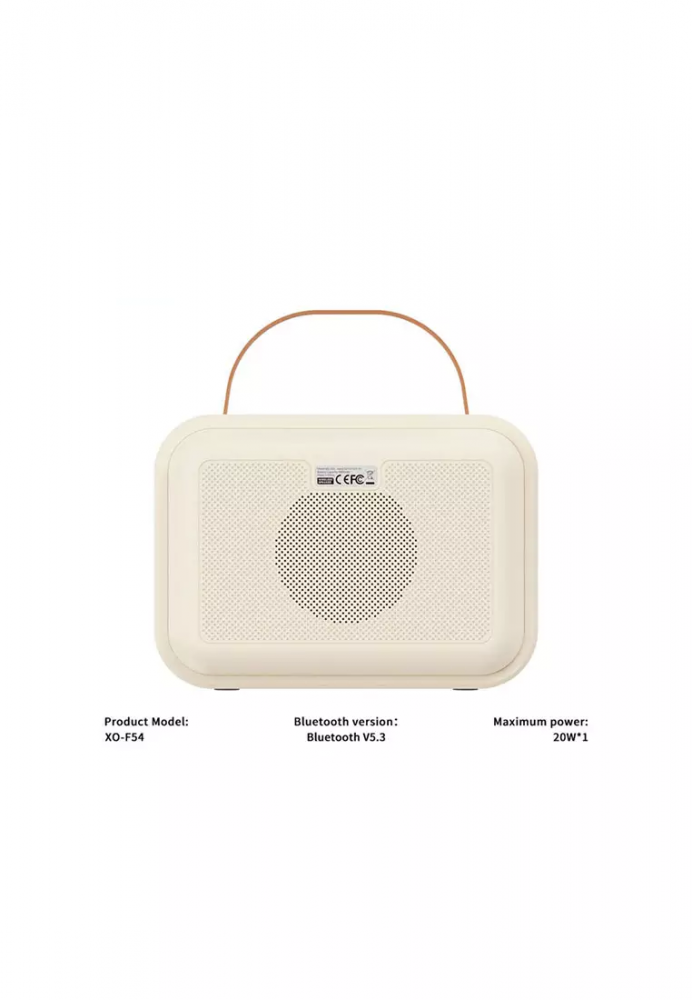 F54 Lapis Lazuli Cold Light Karaoke Speaker 20W (with Microphone*1) [2]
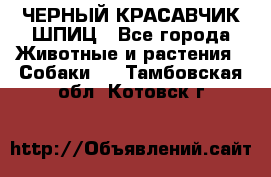 ЧЕРНЫЙ КРАСАВЧИК ШПИЦ - Все города Животные и растения » Собаки   . Тамбовская обл.,Котовск г.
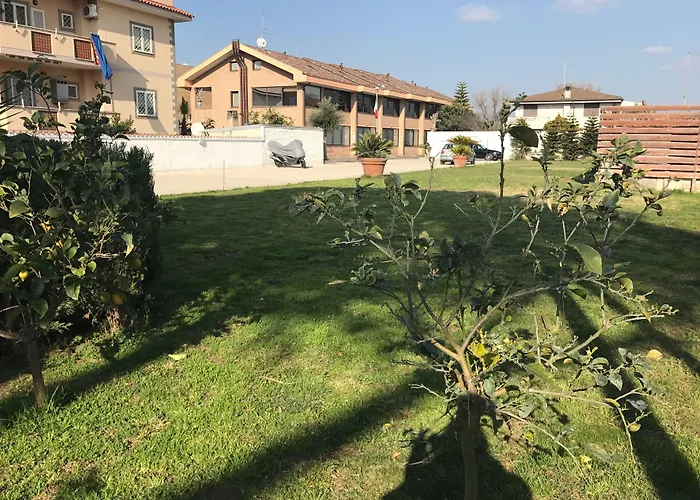 Euro House Inn Airport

EXERCISE BRIEF:
Since the pictures are not wanted, repeat only the rest of the material, exactly as given.

WRITTEN ANSWER:
 F54 Lapis Lazuli Cold Light Karaoke Speaker 20W (with Microphone*1) [2]
 ЧЕРНЫЙ КРАСАВЧИК ШПИЦ - Все города Животные и растения » Собаки   . Тамбовская обл.,Котовск г.
 Euro House Inn Airport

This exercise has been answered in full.